Enhancement Request: Lazy Evaluation of Attributes for OpenTelemetry Spans

ianks opened this issue 10 months ago · 3 comments

Currently, the OpenTelemetry span attributes are eagerly accumulated during span creation. This is illustrated in the following example:

MyTracer.in_span('make_a_lot_of_allocations', attributes: { eagerly: array.join("|") }) do 
  # ...
end

In our production SFR application, we frequently create OpenTelemetry spans, but only sample a small fraction of requests to prevent excessive data collection. However, we incur the cost of all attribute hash object allocations regardless of whether the request is sampled or not. This leads to substantial stress on the Garbage Collector (GC), adversely affecting our p90+ request times.

Enhancement Proposal:

I'd love for the SDK to provide a mechanism to lazily generate attributes for the span. This way, we would only incur the allocation cost if the request is sampled for OpenTelemetry.

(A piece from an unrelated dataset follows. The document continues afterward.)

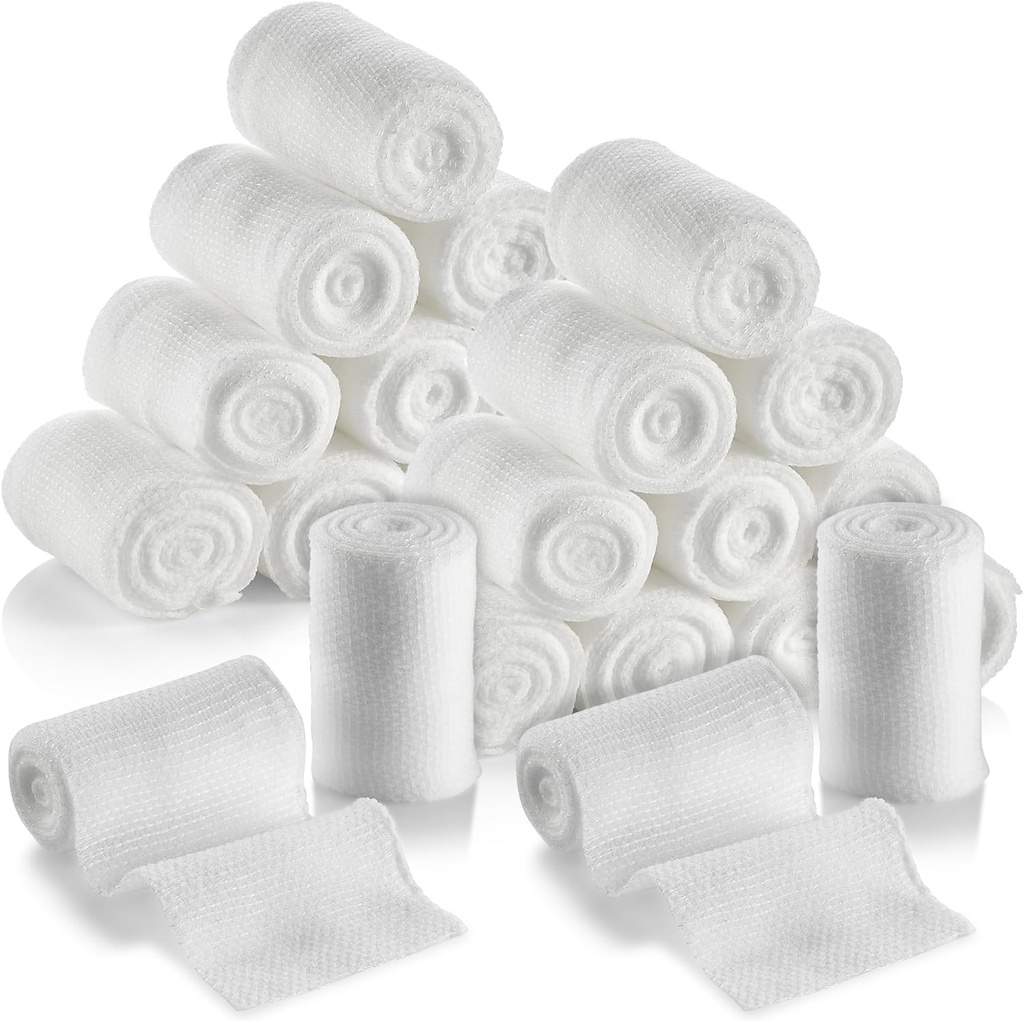 MEDca Gauze Bandage Rolls - 24 Pack, 2-英寸,4.1 Yards Per Roll,医用Gauze Bandage 用于伤者穿戴和急救箱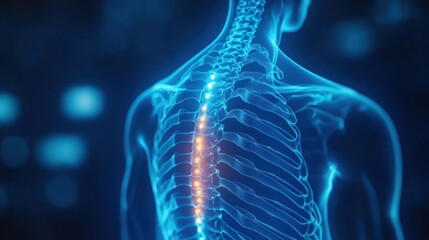 Glowing Spine Anatomy, Medical Illustration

This could be achieved by adding an API that allows a proc to be passed as attributes, as demonstrated in the following example:

MyTracer.in_span('make_a_lot_of_allocations', attributes: proc { Hash[eagerly: array.join("|")] }) do 
  # ...
end

With this enhancement, the span attributes would only be created at the time of exporting, if needed. This could potentially improve performance by reducing unnecessary GC pressure.

Answer 1 · 2023-12-07T02:53:14.000Z

Thanks for the suggestion. Unfortunately, this is out of scope for OpenTelemetry due to API spec compliance requirements. A mechanism exists to delay computation of attributes until after the span is sampled. This mechanism doesn't work for the SFR service because "sampling" is delayed until the request handler completes (we always create "recording" spans, and buffer them). This is a particularly unusual configuration (it is the only service at Shopify that does this), and only works when the service is a "leaf" on the service graph. This will shortly not be true for SFR, and its sampling will need to change.

Answer 2 · 2023-12-07T16:04:55.000Z

A mechanism exists to delay computation of attributes until after the span is sampled.

I did not know about this, can you expand a bit?

Answer 3 · 2023-12-11T16:03:04.000Z

tracer.in_span('foo', attributes: {'eagerly evaluated' => 42}) do |span|
  span['lazily evaluated'] = compute_expensive_attribute if span.recording?
  ...
end

Here, span.recording? will only be true if the span is sampled "in" by the configured sampler.